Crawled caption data
________________________
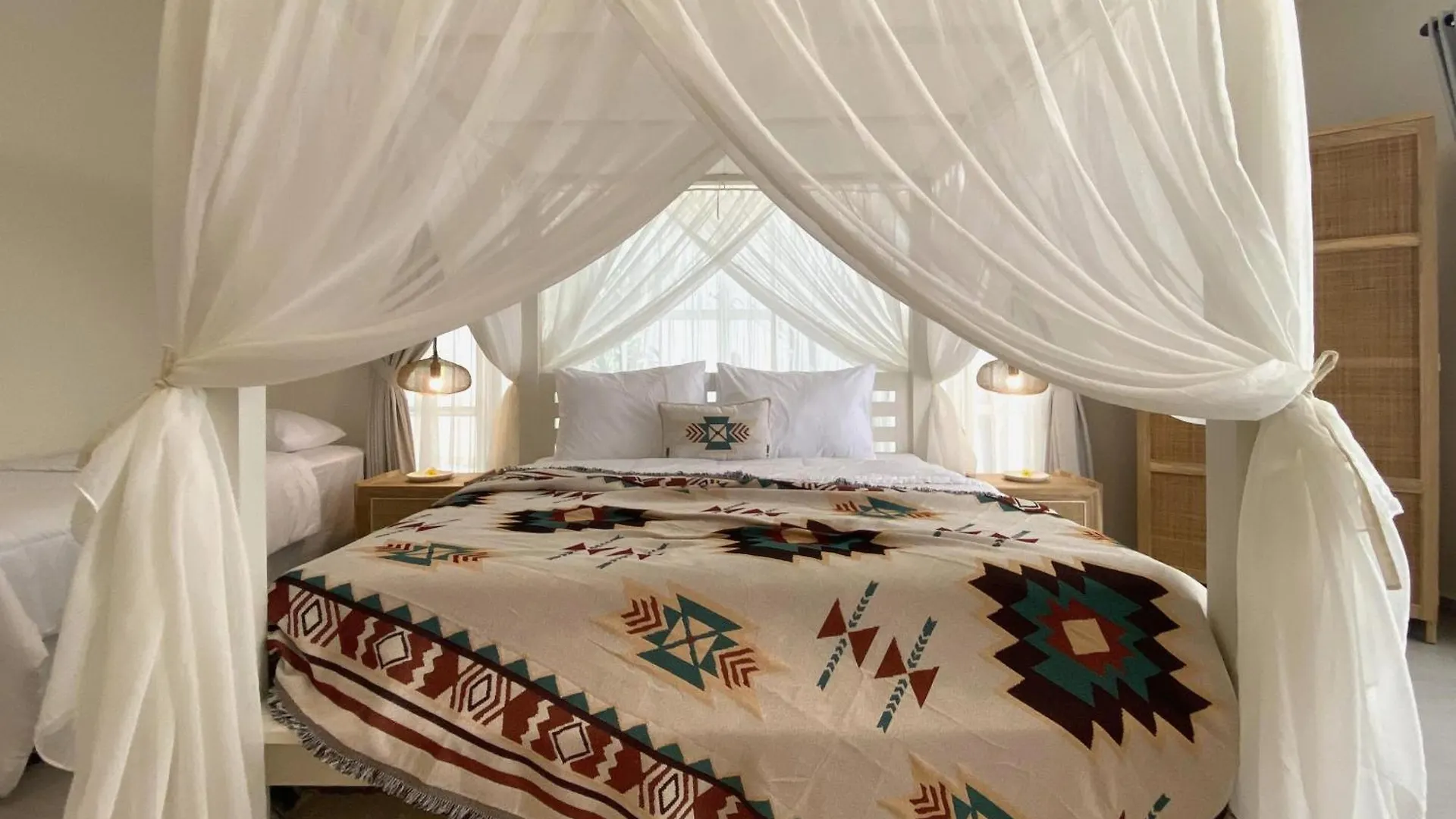 Villa El Nis - Legian - 4 Bedroom - 4 Bathroom - Luxury 0*, Legian (Bali) Indonesia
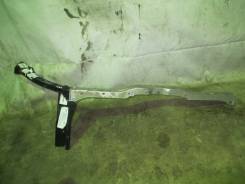 Рамка радиатора. Toyota Avensis, ADT251, AZT250, AZT250L, AZT250W, AZT251, AZT251L, AZT251W, AZT255, AZT255W, CDT250, ZZT251, ZZT251L Двигатели: 1AZFE...
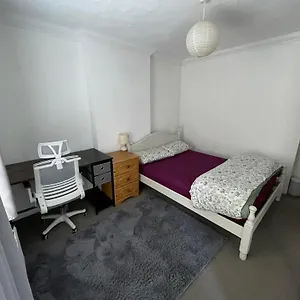South Coast Guest With Free Parking Homestay Poole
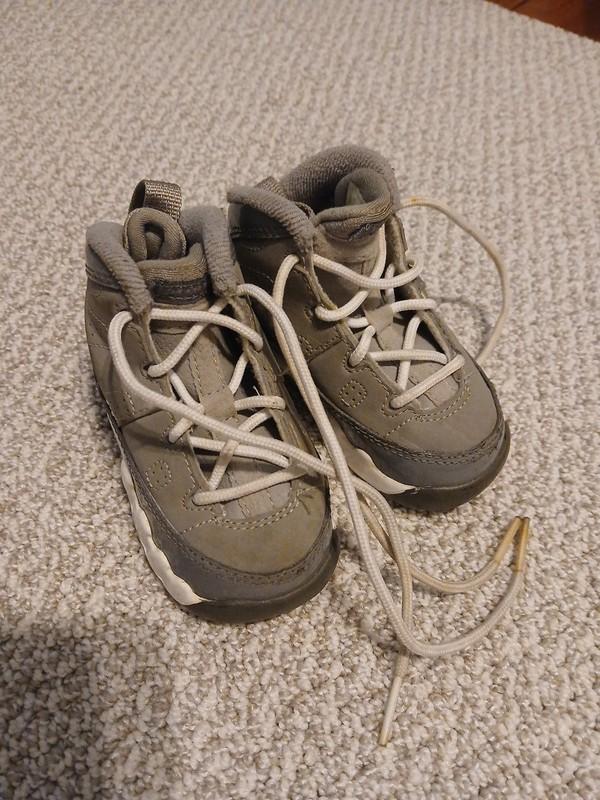 Flawed Used 4c Baby Jordan's Shoes Gray And White With Number 23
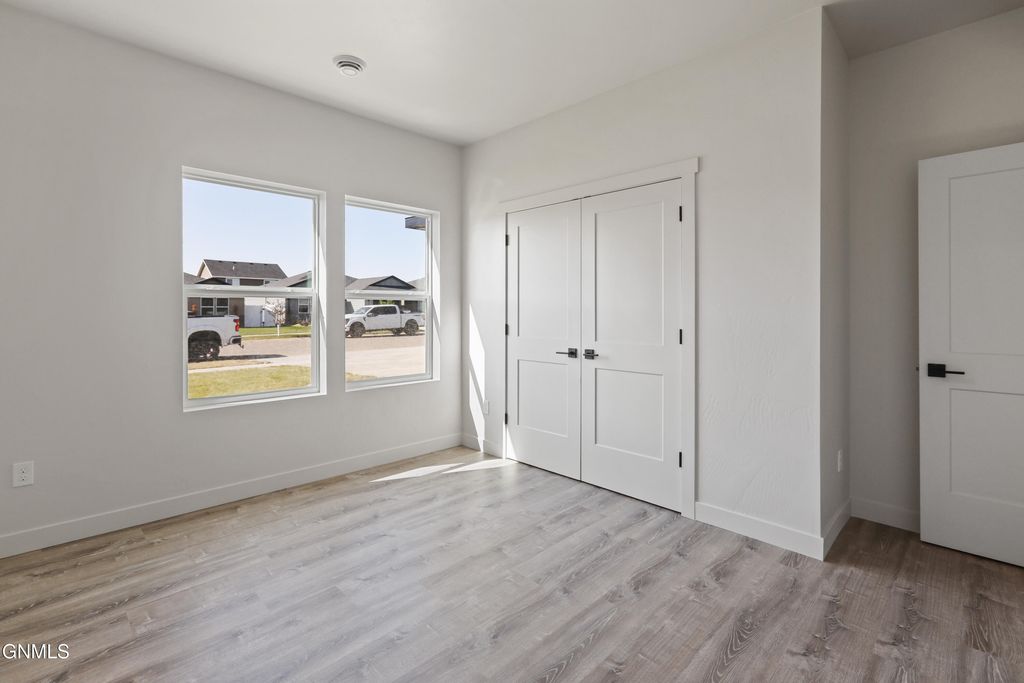 3326 34th Street W, Williston, ND 58801 photo 4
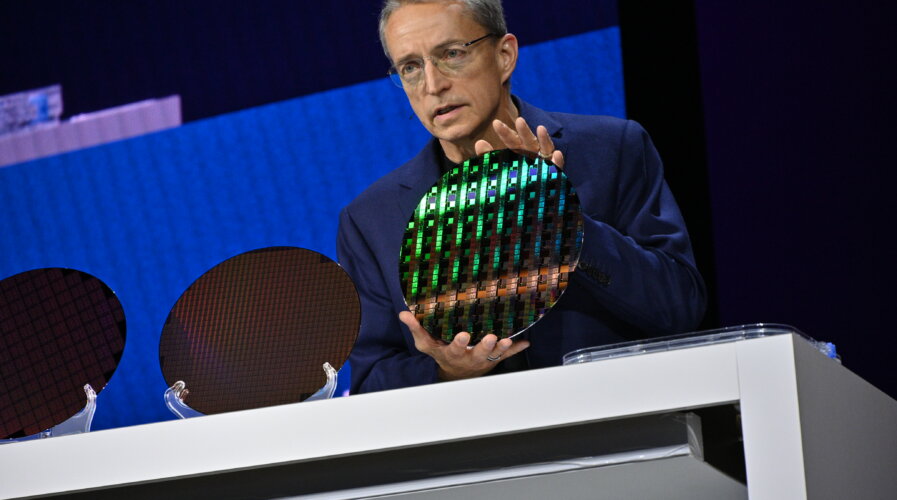AI PC tech: Intel CEO Pat Gelsinger holds up a wafer from Intel's 18A production node, which he said remains on track to be manufacturing-ready in the second half of 2024. He displayed the wafer on Tuesday, Sept. 19, 2023, at intel Innovation in San Jose, California. (Credit: Intel Corporation)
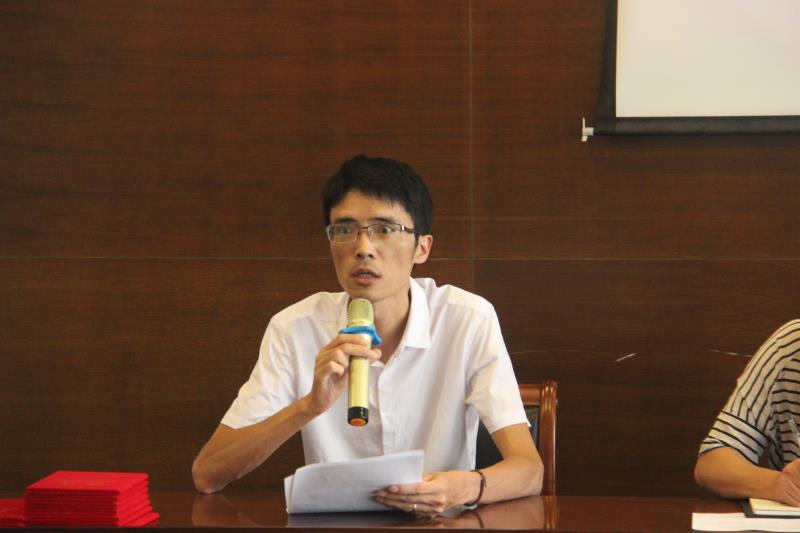 携手共进合作共赢长兴县龙山中学举行青年教师培养暨师徒结对会议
________________________
§ **Assignment**
Once you find the line that contains "Flawed Used 4c", give it again along with every later line through the end of the data, word for word, minus the pictures.

§ **Exercise answer**
 Flawed Used 4c Baby Jordan's Shoes Gray And White With Number 23
 3326 34th Street W, Williston, ND 58801 photo 4
AI PC tech: Intel CEO Pat Gelsinger holds up a wafer from Intel's 18A production node, which he said remains on track to be manufacturing-ready in the second half of 2024. He displayed the wafer on Tuesday, Sept. 19, 2023, at intel Innovation in San Jose, California. (Credit: Intel Corporation)
 携手共进合作共赢长兴县龙山中学举行青年教师培养暨师徒结对会议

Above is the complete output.